Ma Siu-Ling

Filmes

A Second Visit to the City of Love
Comedy from Hong Kong directed by Yam Wu-Fa.
The Wrongly Accused Lover
The sophistication of 1950s Hong Kong cinema is vividly illustrated in this film of limited budget and resources. Cantonese opera star Sun Ma Si-tsang plays a country boy who looks exactly like Sun Ma and is asked by a rich girl to impersonate the star, to help her stage an opera. The self-reflexive humour generated by the absurd situation not only provides delicious parody of celebrity culture but also comments subtly on class inequality and the perils of urbanisation. Sun Ma, who also appears as himself in a stage performance, is complemented beautifully by the brilliant comedian Yee Chau-shui as his sidekick and Hung Sin Nui, another opera superstar, as the spoiled and precocious rich girl.

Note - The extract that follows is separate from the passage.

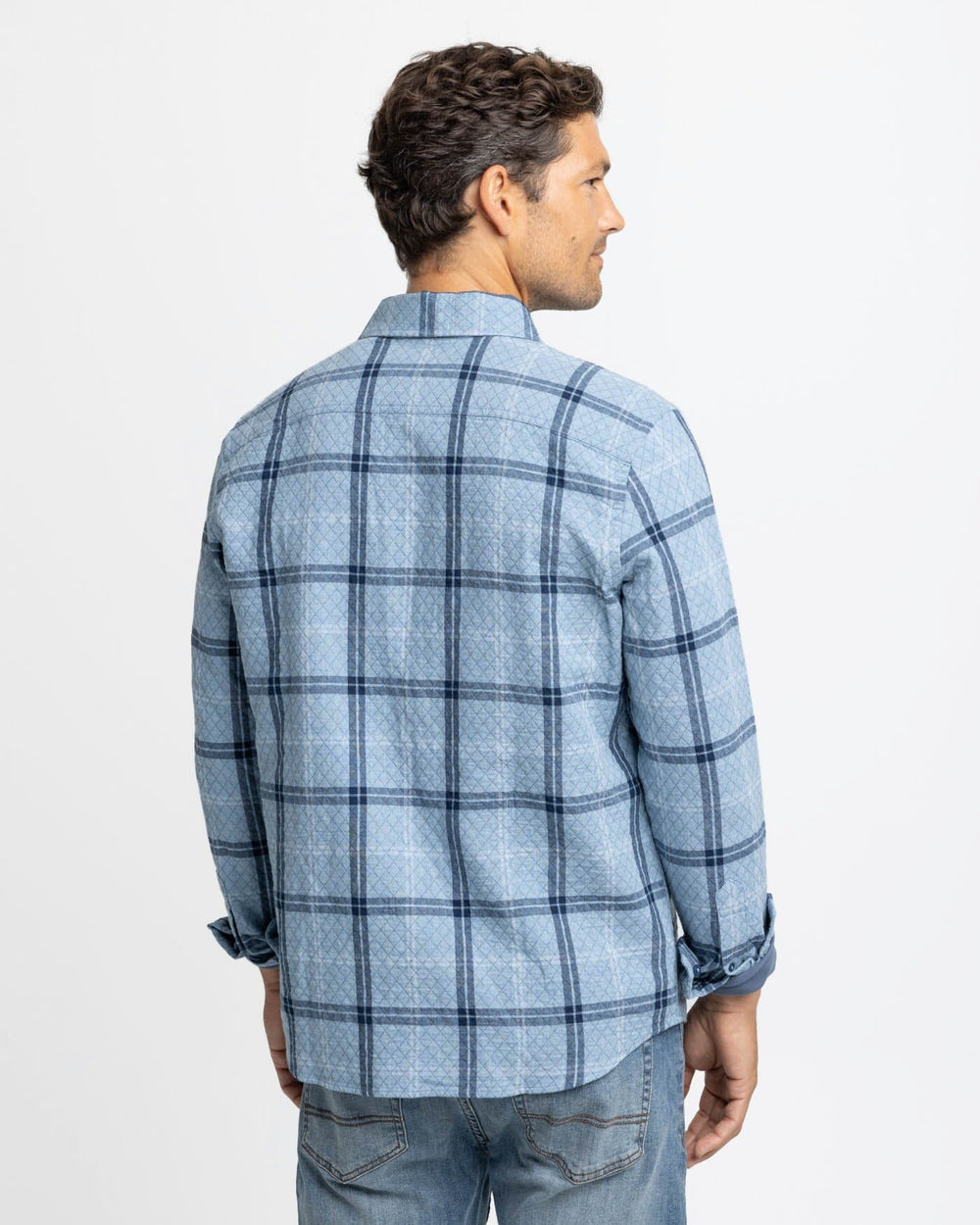 The back view of the Southern Tide Quilted Heather Ellison Plaid Overshirt Sport Shirt by Southern Tide - Heather Mountain Spring Blue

Ghost Woman of the Old Mansion
Mrs Po
Mok Ming moves into Po Tak-yan’s old mansion. Po's mistress, the songstress Tsi Law-heung, has died in it. Her spirit haunts the mansion as she is unburied. Mok sees her ghost and notes that she resembles his late wife Kit-ching. Mok dreams that his wife has possessed Tsi's body in return. Mok asks Uncle Tak to take him to the coffin. Tsi resurrects as Kit-ching. Mok accepts that his wife has returned from death, but he is suspicious. He brings her to a nightclub, where they chance upon Po and his mistress, Chan Mei-chu. Po is suspicious. Mok explained that his wife has returned through Tsi's body. Two reporters are there and the news is reported in the papers. To resolve his suspicions, Po goes to the old mansion. He meets Mok, his “wife,” and Uncle Tak. The wife denies that she is Tsi. Po retrieves a pistol and goes to confront the woman. Mok intervenes. In the struggle, Po falls down the railing to his death, but Tsi is shot. Now it is time for her to tell Mok of her past.